● The task
Please reproduce all of the data below exactly, leaving each picture out.

● Data section
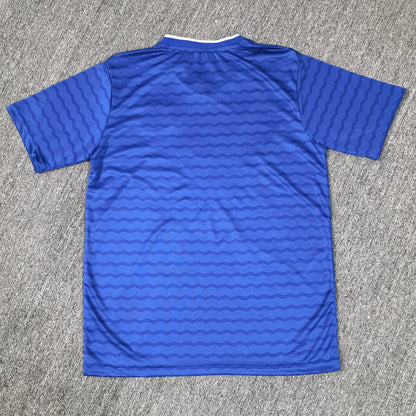 Maillot Everton Domicile 2025/2026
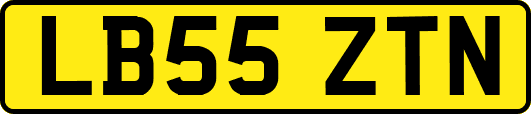 LB55ZTN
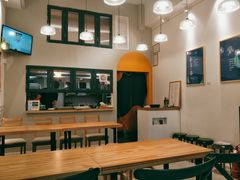 -小团圆糖水铺(襄阳南路店)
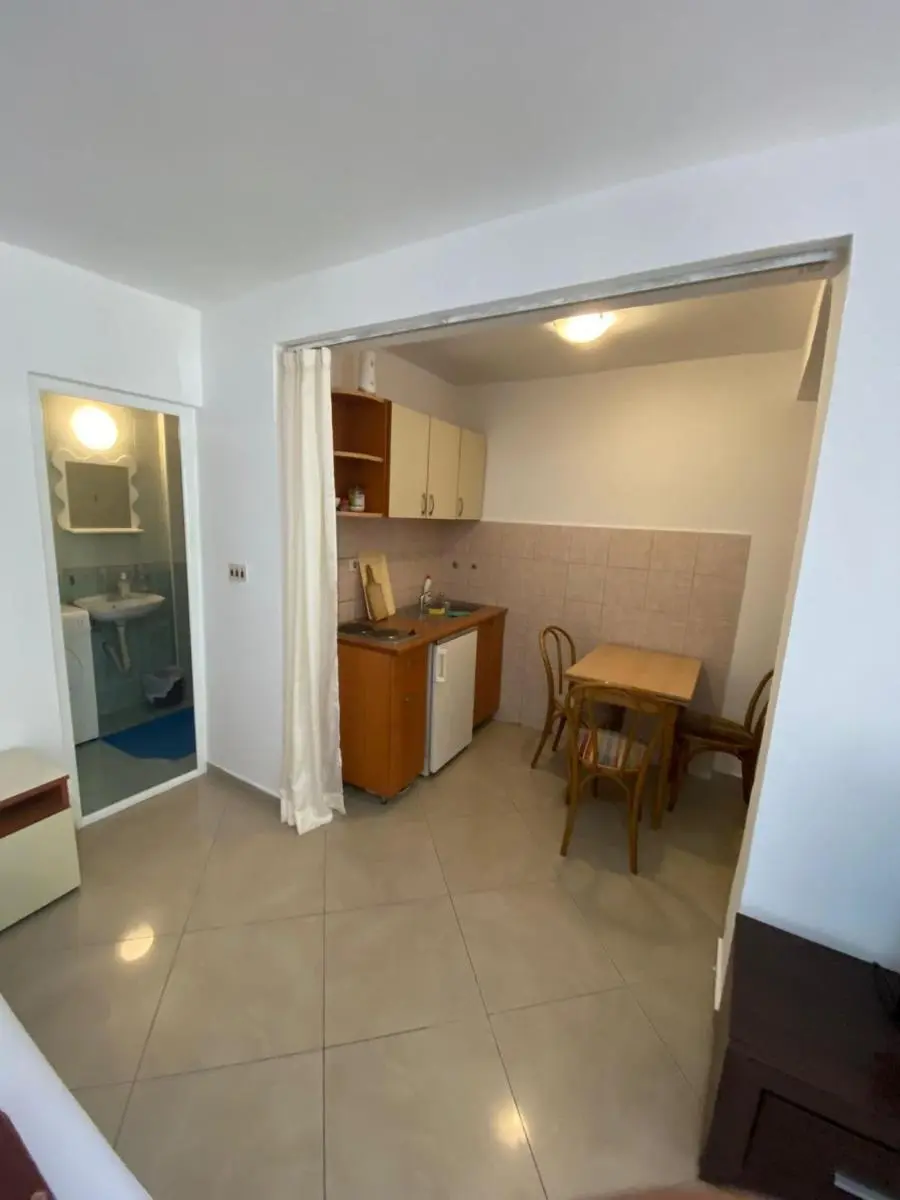 Image 3 of Apartman Radenovic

● Task answer
 Maillot Everton Domicile 2025/2026
 LB55ZTN
 -小团圆糖水铺(襄阳南路店)
 Image 3 of Apartman Radenovic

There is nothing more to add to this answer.